Conditional Iterative α-(de)Blending Model for CBCT-to-sCT Synthesis: Towards a Deterministic and Simple Process
摘要
Cone-beam CT (CBCT) is widely used in adaptive radiotherapy (ART) but often suffers from image artifacts and poor soft tissue contrast, limiting its wider application in ART workflows including segmentation and dose calculation. In this work, we propose a conditional Iterative α-(de)Blending (cIADB) for CBCT image quality improvement. cIADB employs a deterministic blending-deblending mechanism that reduces sampling randomness, enabling more stable and efficient image generation compared to conventional conditional denoising diffusion probabilistic model (cDDPM), which relies on stochastic sampling.

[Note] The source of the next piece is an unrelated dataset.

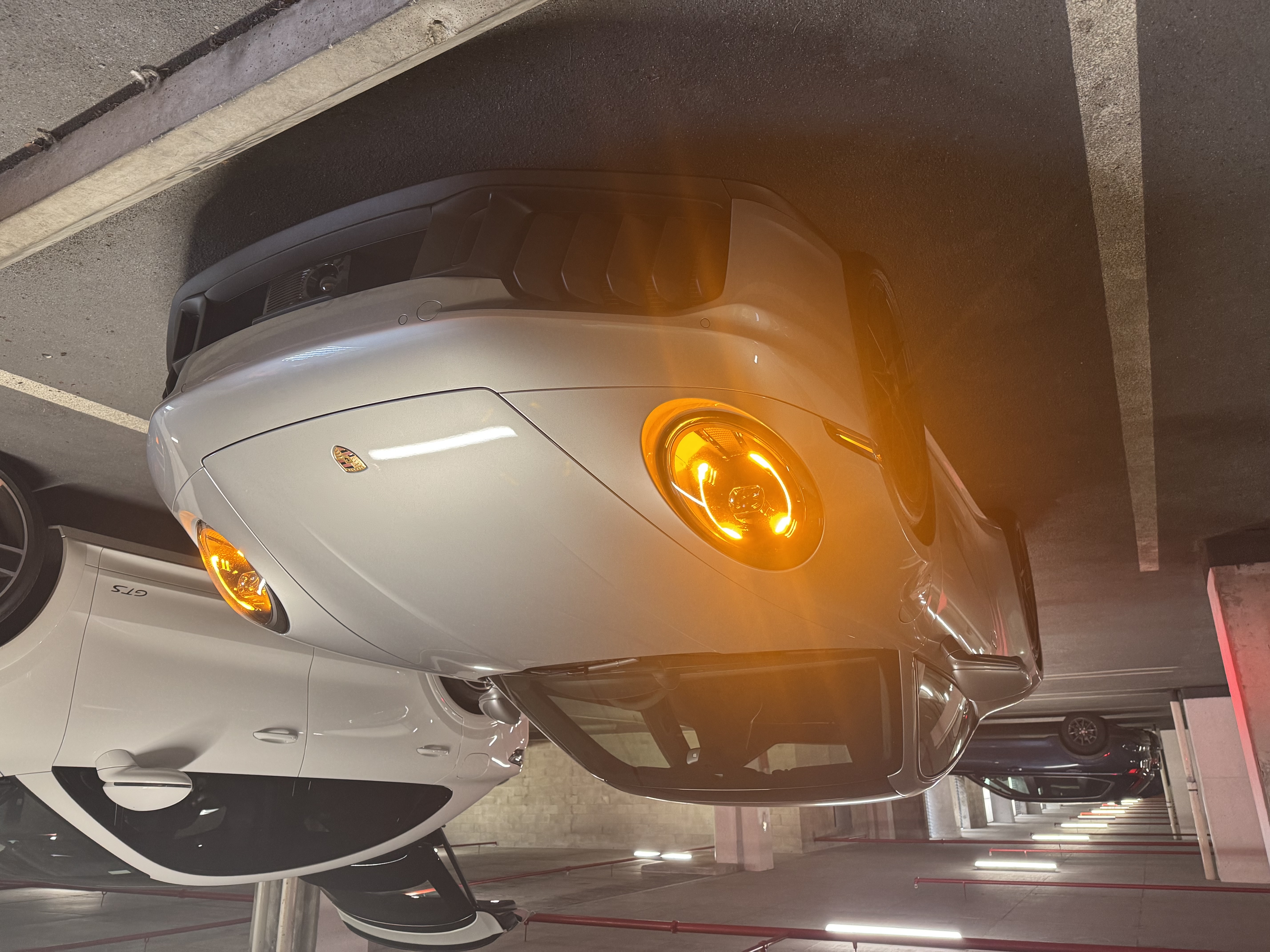 Used 2026 Porsche 911 GTS image 18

We comprehensively evaluate the proposed method on head-and-neck CBCTs across different training approaches and anatomical planes. Quantitative results demonstrate that cIADB achieves better performance compared to cDDPM in terms of PSNR, SSIM, and SSE, while qualitative assessments further confirm improved denoising effect and structural fidelity. Moreover, the lightweight inference process of cIADB facilitates its potential integration into ART workflows. Our study highlights the promise of deterministic IADB model as a robust solution for clinical CBCT enhancement.